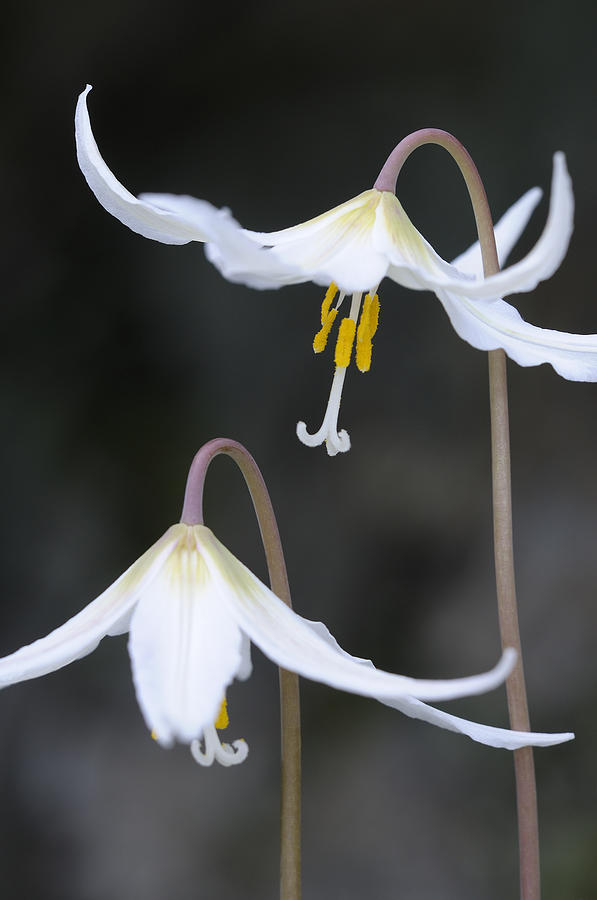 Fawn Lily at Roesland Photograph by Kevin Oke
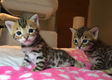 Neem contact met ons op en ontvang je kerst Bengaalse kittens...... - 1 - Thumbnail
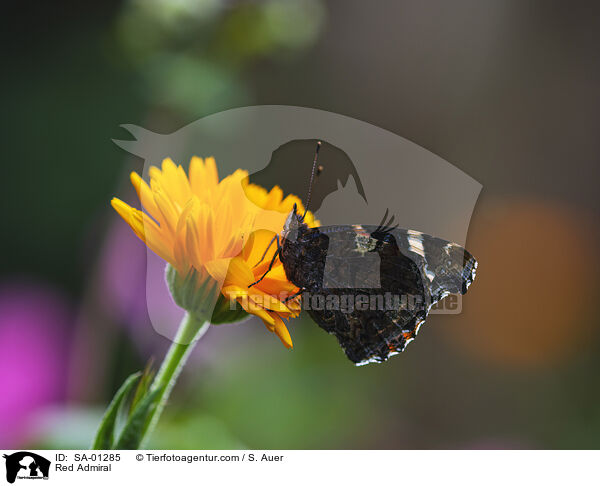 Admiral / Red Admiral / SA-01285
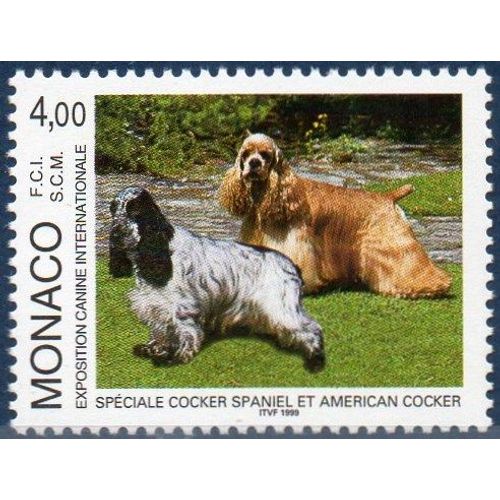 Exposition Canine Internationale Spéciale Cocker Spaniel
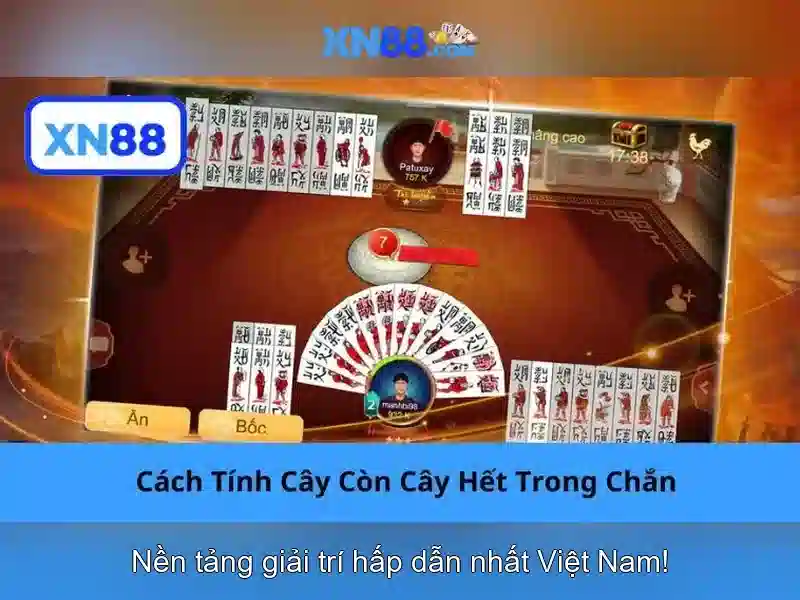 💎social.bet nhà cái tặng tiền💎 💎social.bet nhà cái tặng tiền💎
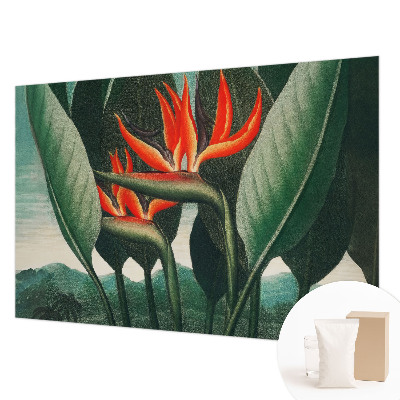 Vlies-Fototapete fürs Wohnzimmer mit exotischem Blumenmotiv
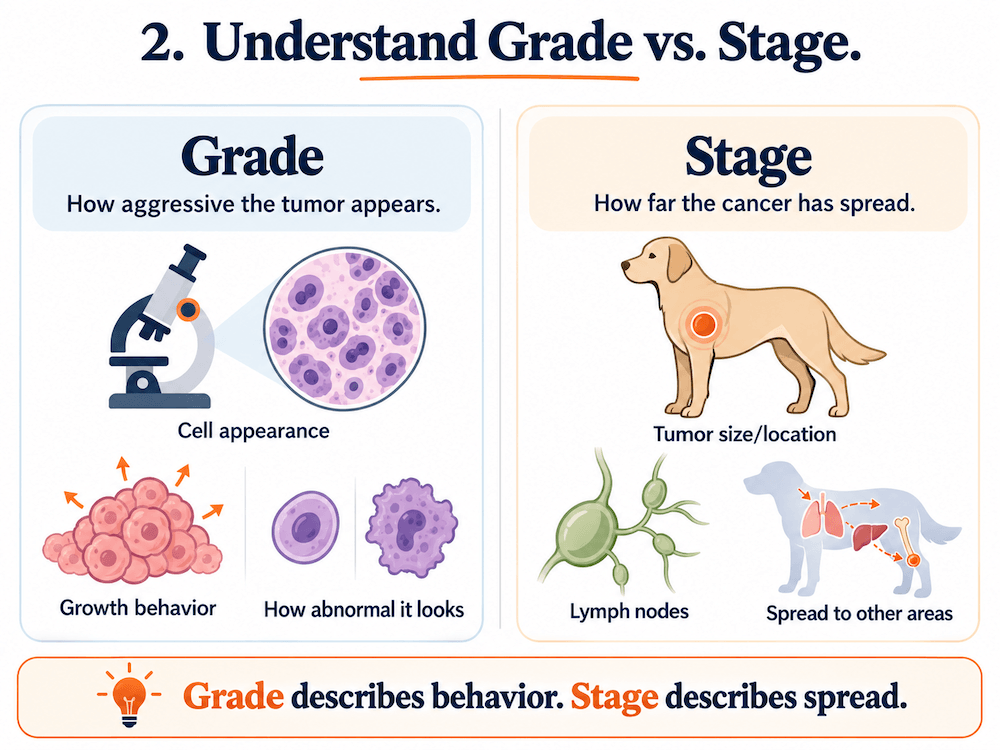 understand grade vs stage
----------------
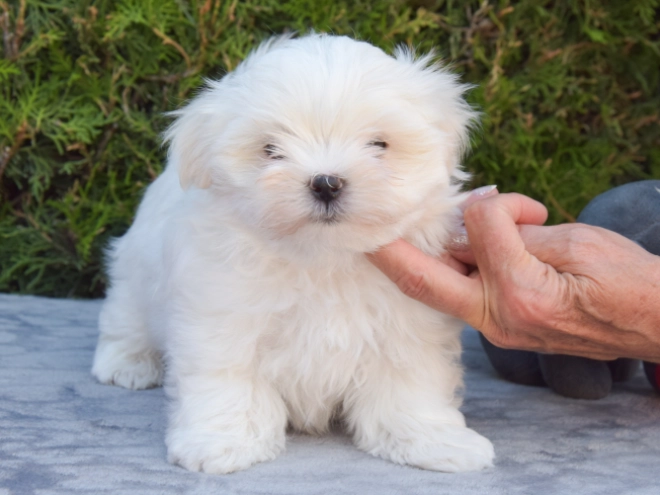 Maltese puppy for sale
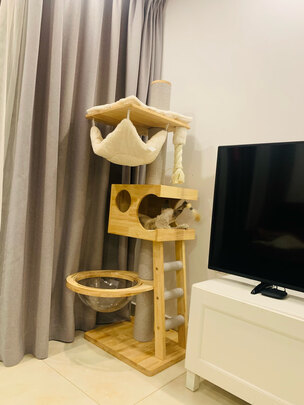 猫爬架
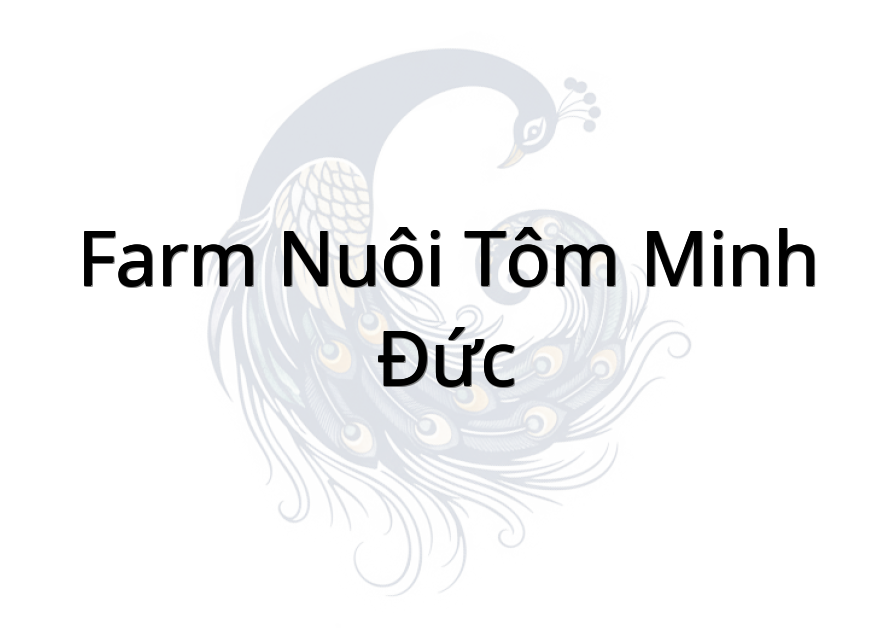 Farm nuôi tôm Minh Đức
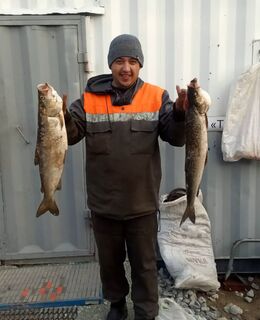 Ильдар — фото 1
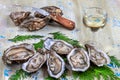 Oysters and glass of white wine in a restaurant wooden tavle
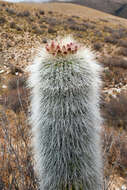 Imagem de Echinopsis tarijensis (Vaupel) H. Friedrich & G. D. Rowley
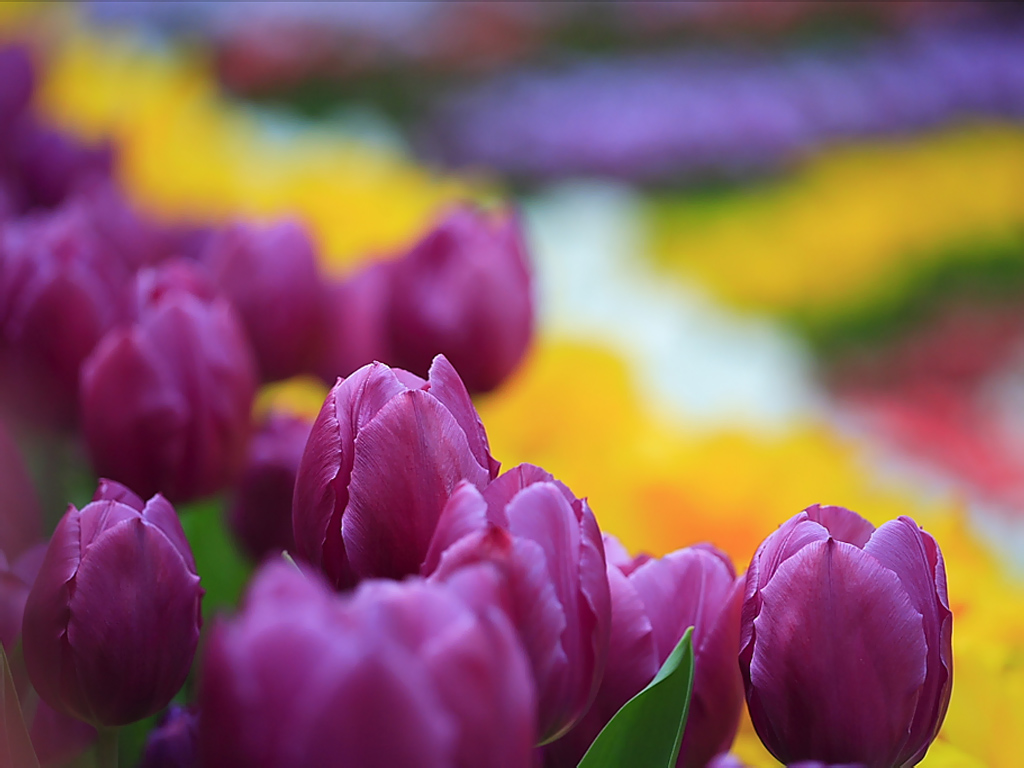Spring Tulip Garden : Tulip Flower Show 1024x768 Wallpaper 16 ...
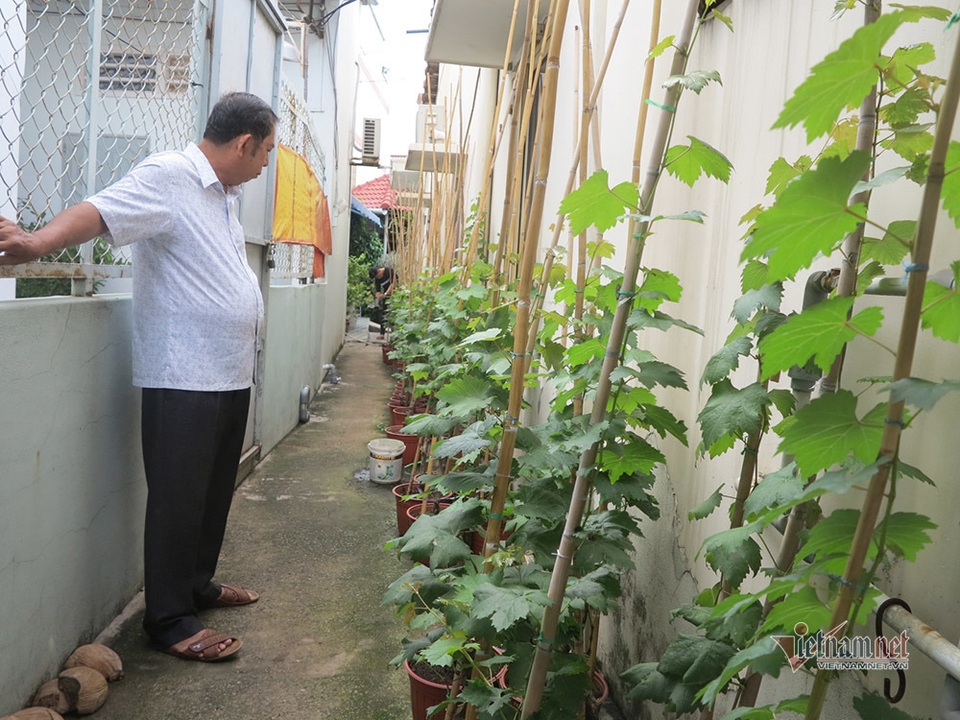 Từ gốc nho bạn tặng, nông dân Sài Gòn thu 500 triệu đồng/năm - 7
----------------
Work to be completed → Reproduce the entries exactly, from the line with "Neem contact met" to the line with "understand grade vs stage", both lines included, keeping no pictures.

Result for this exercise →
 Neem contact met ons op en ontvang je kerst Bengaalse kittens...... - 1 - Thumbnail
 Admiral / Red Admiral / SA-01285
 Exposition Canine Internationale Spéciale Cocker Spaniel
 💎social.bet nhà cái tặng tiền💎 💎social.bet nhà cái tặng tiền💎
 Vlies-Fototapete fürs Wohnzimmer mit exotischem Blumenmotiv
 understand grade vs stage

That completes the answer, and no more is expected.